(EXERCISE INPUT begins)

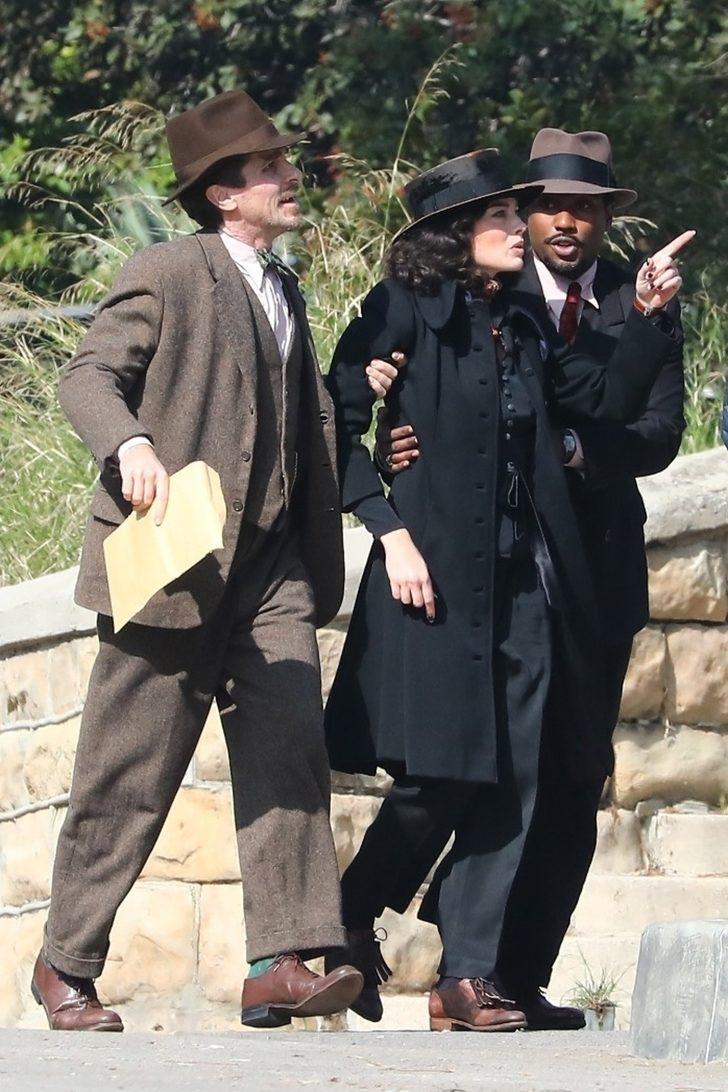 Margot Robbie'nin bu halini unutun! Siyah saçlarıyla tanınmaz halde G3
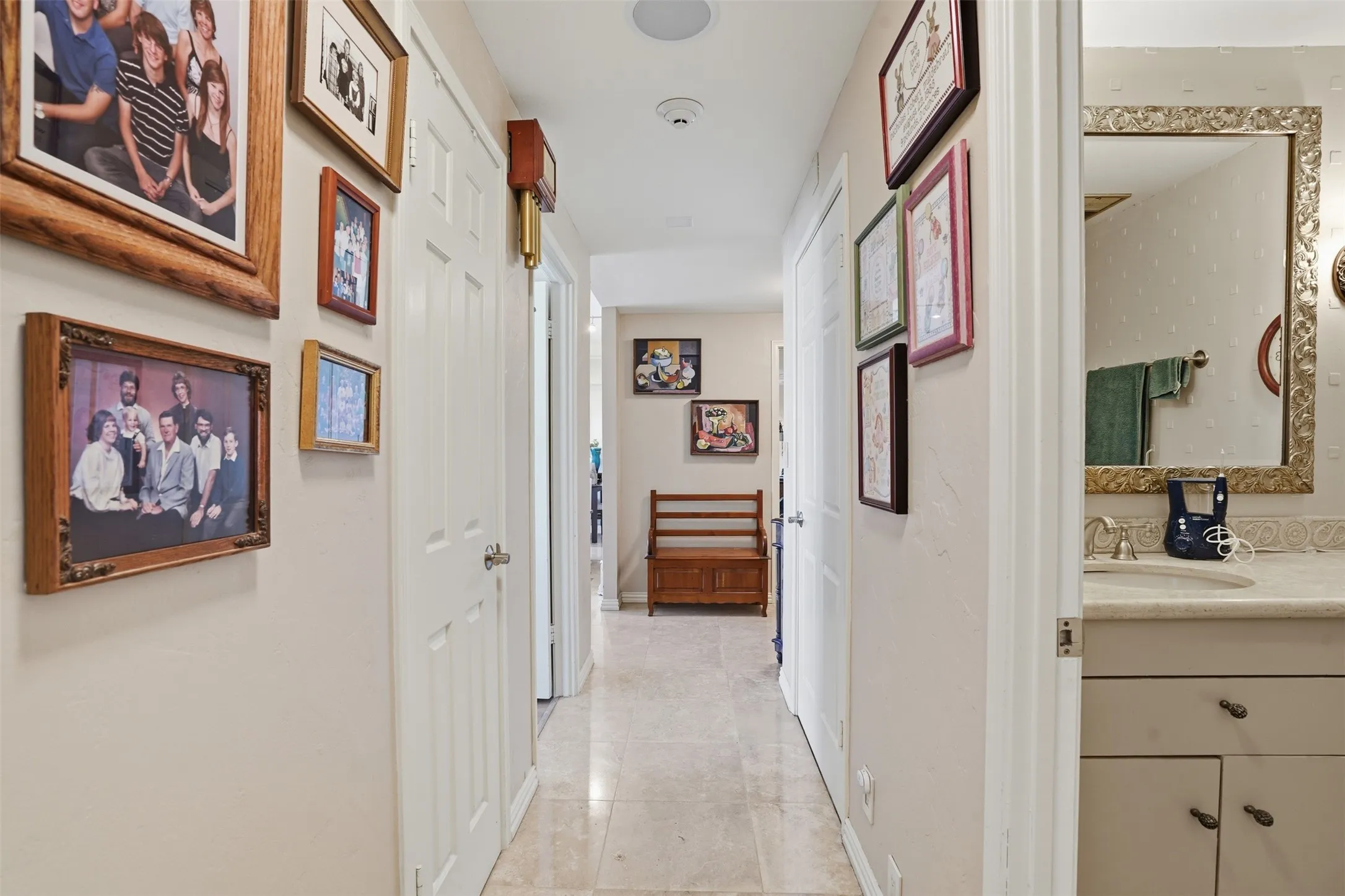 Condominium For Sale in Dallas County , 3030 Mckinney Avenue 2203, Dallas, Texas 75204, 2 Bedroom, 2 Bathroom, 2 Garage spaces, 1,353 Sqft, built in 1981, Preowned, mls#21128110, Real Estate Agent in Dallas, Homes For Sale in Dallas county, Homes For Sale in Dallas, Realtor in Dallas Texas, Real Estate Brokerage Independent Realty Texas, Luminita Cordes Realtor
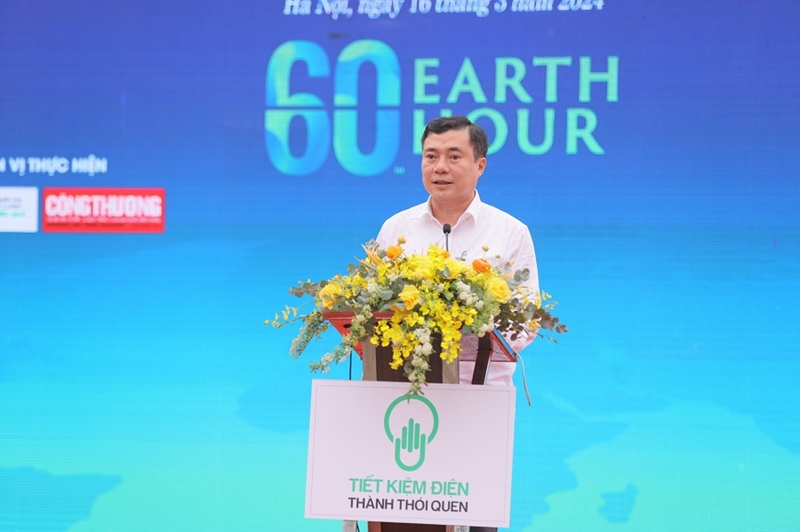 Thứ trưởng Bộ Công Thương Nguyễn Sinh Nhật Tân phát biểu tại buổi lễ.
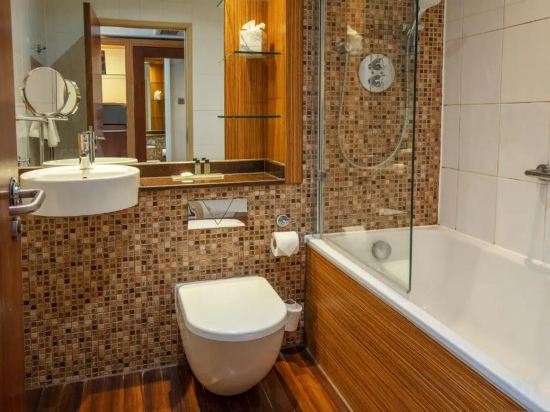 Фото Ashford International Hotel & SPA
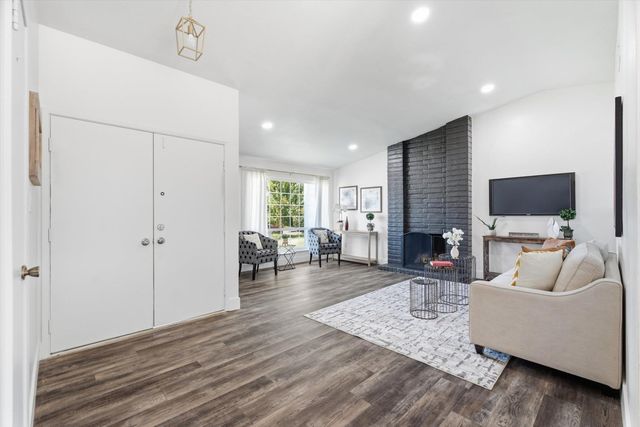 9664 Elmira Cir, Sacramento, CA 95827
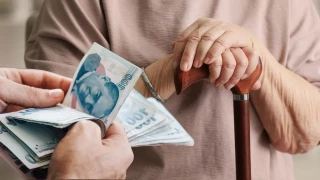 Emekli aylığını artıran düzenleme komisyonda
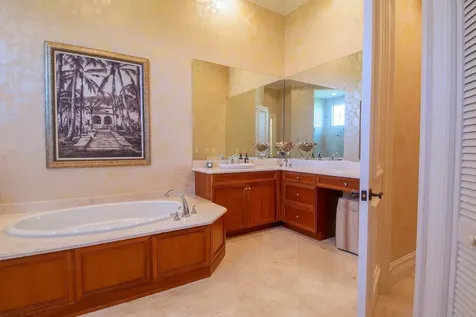 138 SE Via San Marino Port St Lucie FL 34984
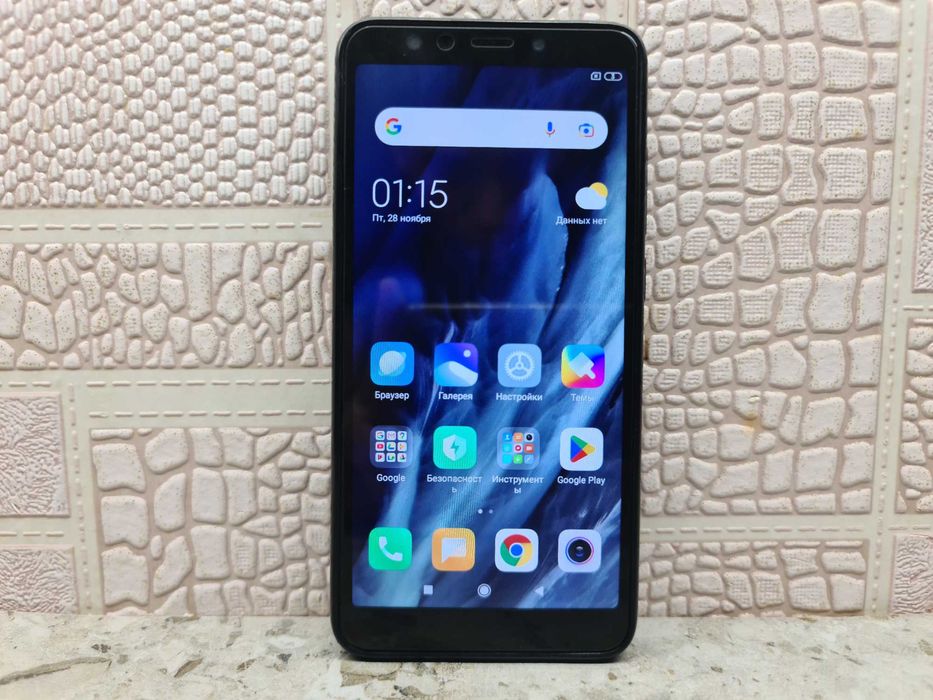 Продам телефон REDMI 5 память 32/3 gb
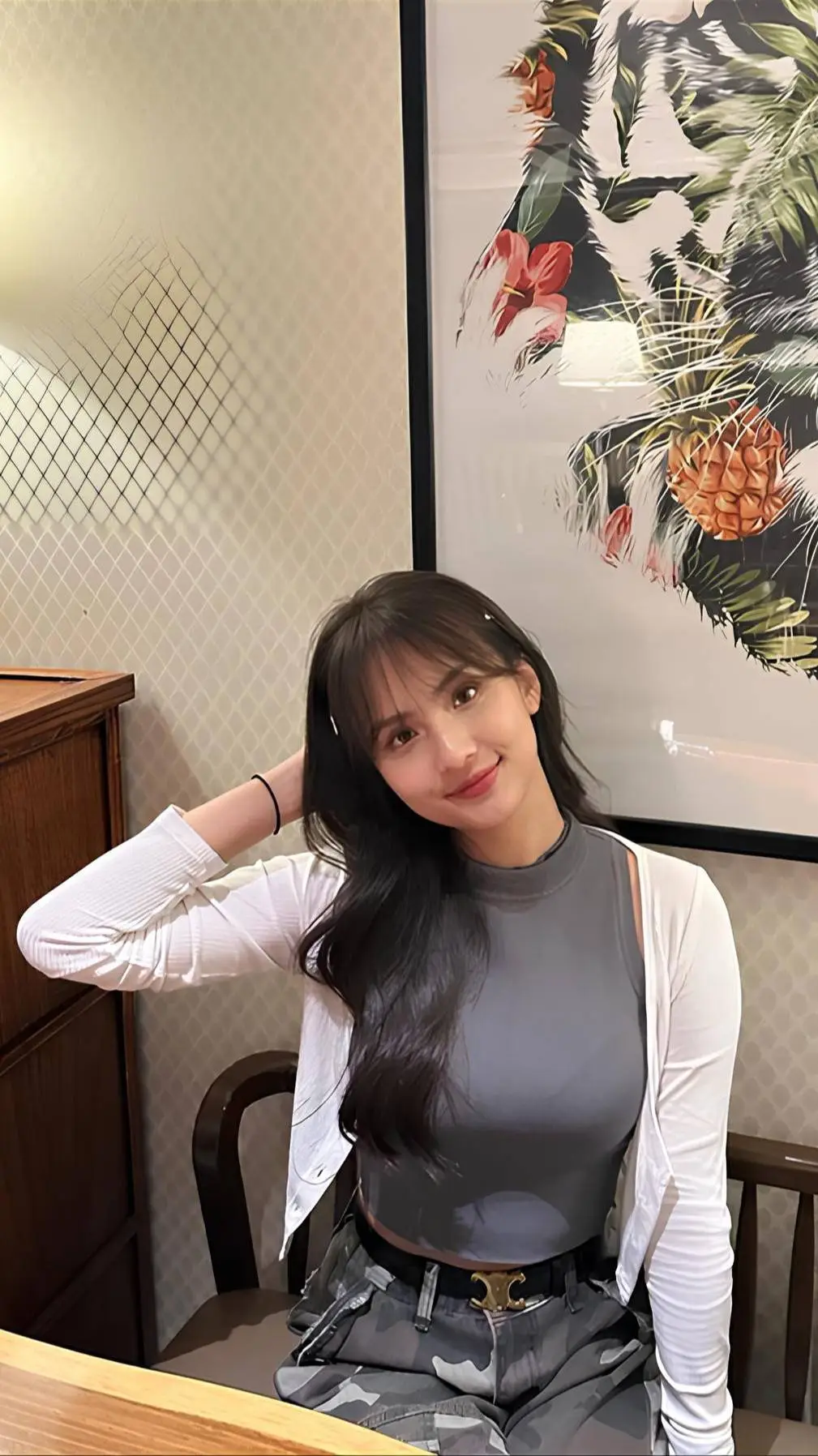 ai character: Angie Marcheria background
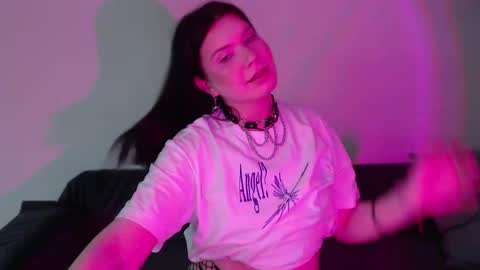 Vella online show from September 9, 11:49 pm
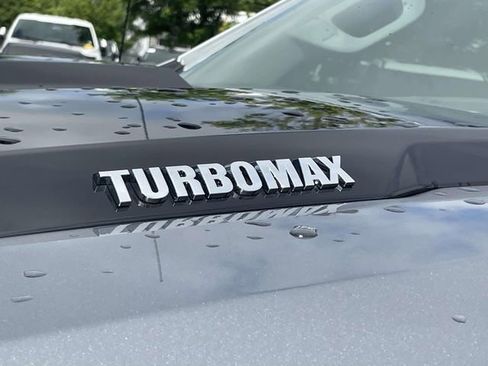 Used 2025 Chevrolet Silverado 1500 Custom Trail Boss AWD/4WD image 11
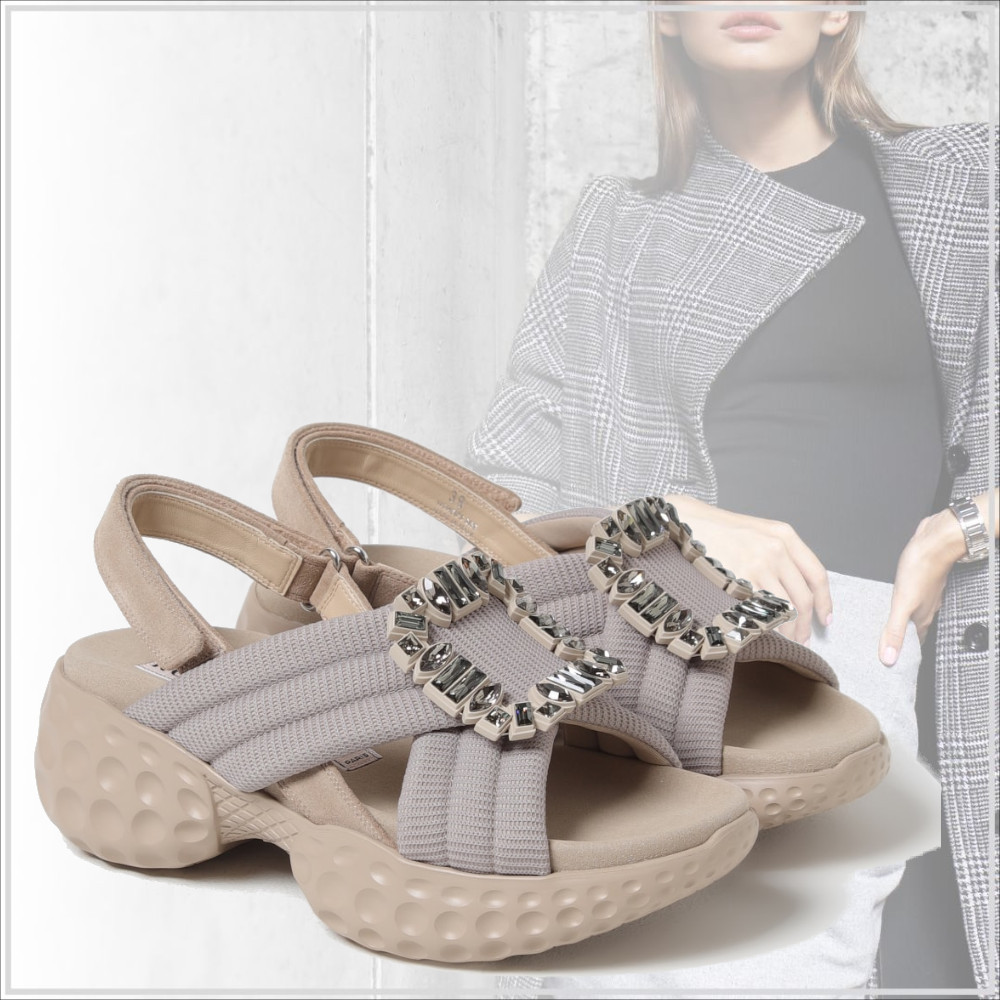 気品【Roger Vivier】ヴィヴ ラン ライト ファブリック サンダル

(EXERCISE INPUT ends)

Each entry should be repeated exactly as it appears; the pictures stay out.

> **RESULT OF THIS TASK**
 Margot Robbie'nin bu halini unutun! Siyah saçlarıyla tanınmaz halde G3
 Condominium For Sale in Dallas County , 3030 Mckinney Avenue 2203, Dallas, Texas 75204, 2 Bedroom, 2 Bathroom, 2 Garage spaces, 1,353 Sqft, built in 1981, Preowned, mls#21128110, Real Estate Agent in Dallas, Homes For Sale in Dallas county, Homes For Sale in Dallas, Realtor in Dallas Texas, Real Estate Brokerage Independent Realty Texas, Luminita Cordes Realtor
 Thứ trưởng Bộ Công Thương Nguyễn Sinh Nhật Tân phát biểu tại buổi lễ.
 Фото Ashford International Hotel & SPA
 9664 Elmira Cir, Sacramento, CA 95827
 Emekli aylığını artıran düzenleme komisyonda
 138 SE Via San Marino Port St Lucie FL 34984
 Продам телефон REDMI 5 память 32/3 gb
 ai character: Angie Marcheria background
 Vella online show from September 9, 11:49 pm
 Used 2025 Chevrolet Silverado 1500 Custom Trail Boss AWD/4WD image 11
 気品【Roger Vivier】ヴィヴ ラン ライト ファブリック サンダル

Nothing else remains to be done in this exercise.